Mafuyu had never thought about it like that. “I don’t _get_ angry, though,” he whined. “I’m not the angry one.”

“Oh, am _I_ the angry one then?” Ritsuka was laughing, not unkindly. And because he was still hugging Mafuyu he could feel the way laughter changed Ritsuka’s body. An amp in his stomach, a vibration that flooded Mafuyu via contact. “But _I’m_ not angry right now.”

Mafuyu pressed his face harder against Ritsuka’s blazer. The words _private language_ buzzed in his head. That hum got quieter the more he focused on the way Ritsuka smelled, reminding him why he loved Ritsuka as he did.

Was it possible to be in love with two people at once? Was it possible to love them both equally in wildly different ways? Was it okay to be in love with two people if one of them was _dead_?

“I guess that makes _me_ the angry one,” he mumbled. “I’ve never been the angry one before.”

“If it helps,” Ritsuka said softly. “You don’t have to be the angry one _all_ the time.”

“Thank god. This is exhausting,” Mafuyu confessed. Another laugh rolled through Ritsuka, warming Mafuyu down to his toes. Even his ears felt hot. He counted courage in the pulse of Ritsuka’s blood and said, “Do you want to come inside?”

“Sure,” Ritsuka said, a pulse and a half later. Mafuyu relaxed.

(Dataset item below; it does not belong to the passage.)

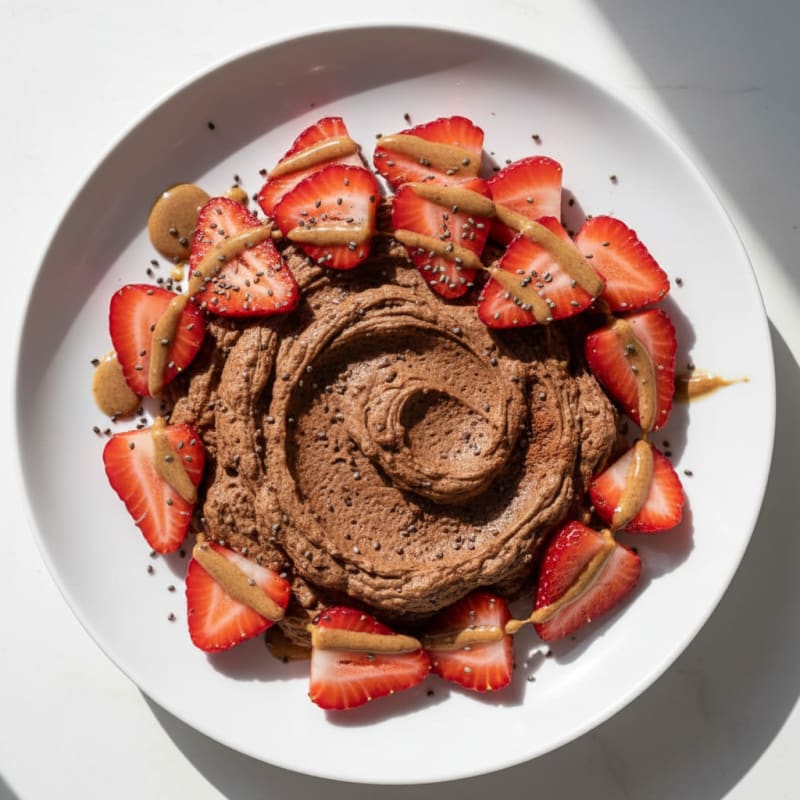 Silky Chocolate Protein Pudding with Sliced Strawberries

He offered Ritsuka some pineapple cake, which he turned down, so Mafuyu bore his plate up to his bedroom while tugging Ritsuka along with his other hand. This space had always only belonged to him and then to him and Yuki and then to him alone again and it was strangely exciting to have Ritsuka here every time. It never got old.

They settled shoulder to shoulder on Mafuyu’s bed. Ritsuka wrapped an arm around Mafuyu, and in return Mafuyu offered him the second bite of cake. Ritsuka gave him a slightly exasperated look when Mafuyu held the fork up to his mouth, but his cheeks were pink and his eyes were so bright they were lighting up the caverns of Mafuyu’s body and he wanted to keep that forever.

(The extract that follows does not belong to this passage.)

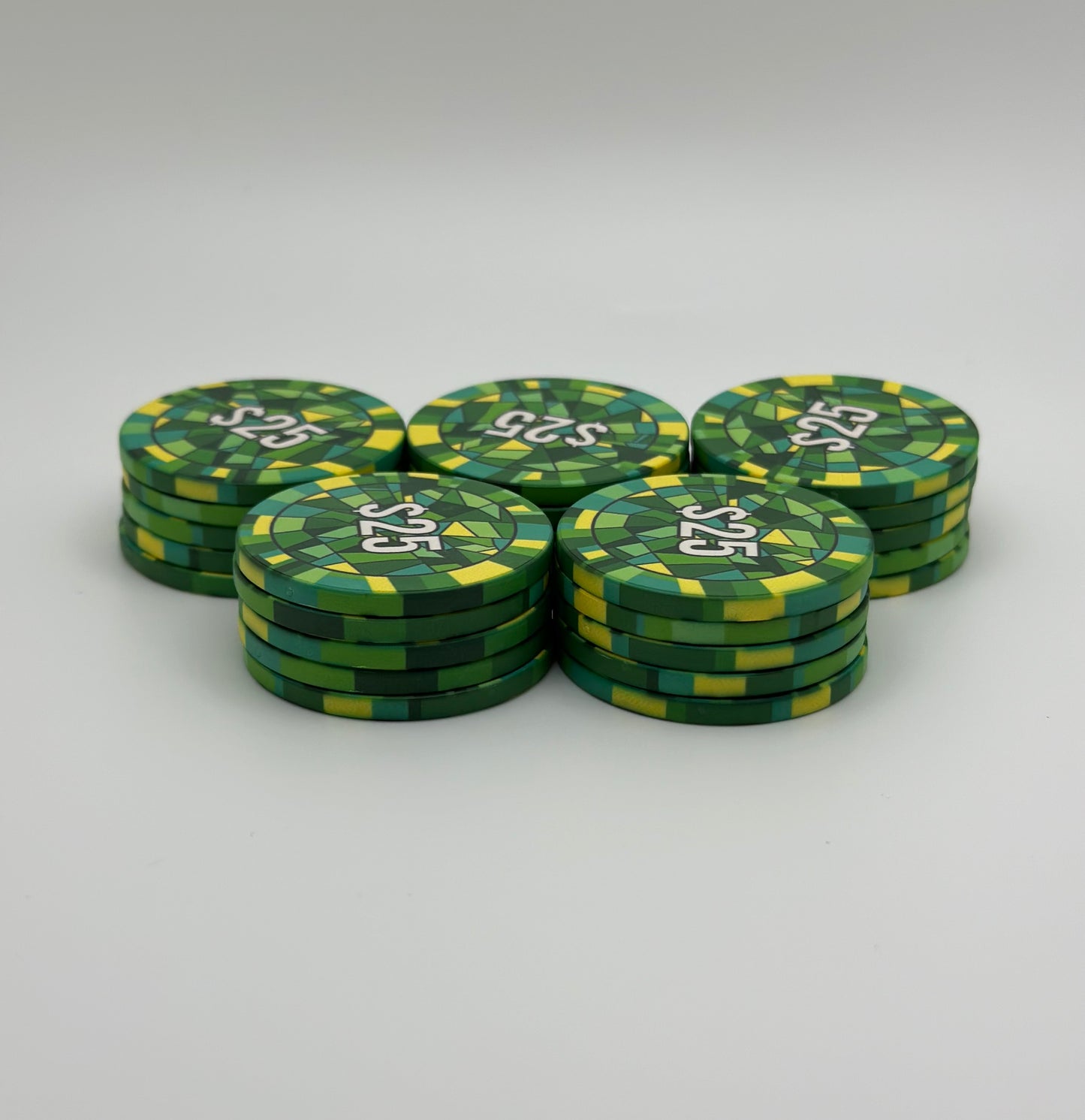 Stained-Glass Rainbow Ceramic Poker Chips - Genesis Founders Set - 8 Piece Sample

 _This is what love should feel like,_ he thought, watching Ritsuka close his mouth around another bite of cake. _Like I’ll never be cold again._

Had Yuki made him feel like this too? He couldn’t remember. He hated himself for that.

Feeding Ritsuka bites of pineapple cake turned into kissing once the cake got over. Here, at least, Mafuyu had an edge on Ritsuka. There was something intensely _satisfying_ about kissing, once you got used to it—and because Yuki had always been the impatient sort, Mafuyu had learnt to kiss by the time he was twelve and enjoyed it _thoroughly,_ and he’d missed it for so long he was almost illegally happy to have it again.

Ritsuka’s inexperience was a gift from the gods. And it was _Mafuyu_ who had the privilege of teaching him to kiss—of holding his face, of rubbing his thumbs lightly over the arc of Ritsuka’s cheekbones until he groaned and kissed back harder.

His chest felt alive with fireflies every time Ritsuka turned a trick Mafuyu had used first back against him. _He’d_ taught Ritsuka that. And Ritsuka learnt so _fast._

But they tired of it eventually, until they were just resting their foreheads against each other and trying to regain their breath. His evening panic attack felt distant and foggy already. Altogether irrelevant when he had _this_ to curl up around instead. So when Ritsuka asked, “What happened there?” it took Mafuyu a moment to realize what he was talking about.

“Just a panic attack,” he mumbled. “Nothing much.”

“You worried us,” Ritsuka informed him gently. Mafuyu had a giddy moment of joy that he had people who _worried_ about him once more. “I didn’t know how to help.”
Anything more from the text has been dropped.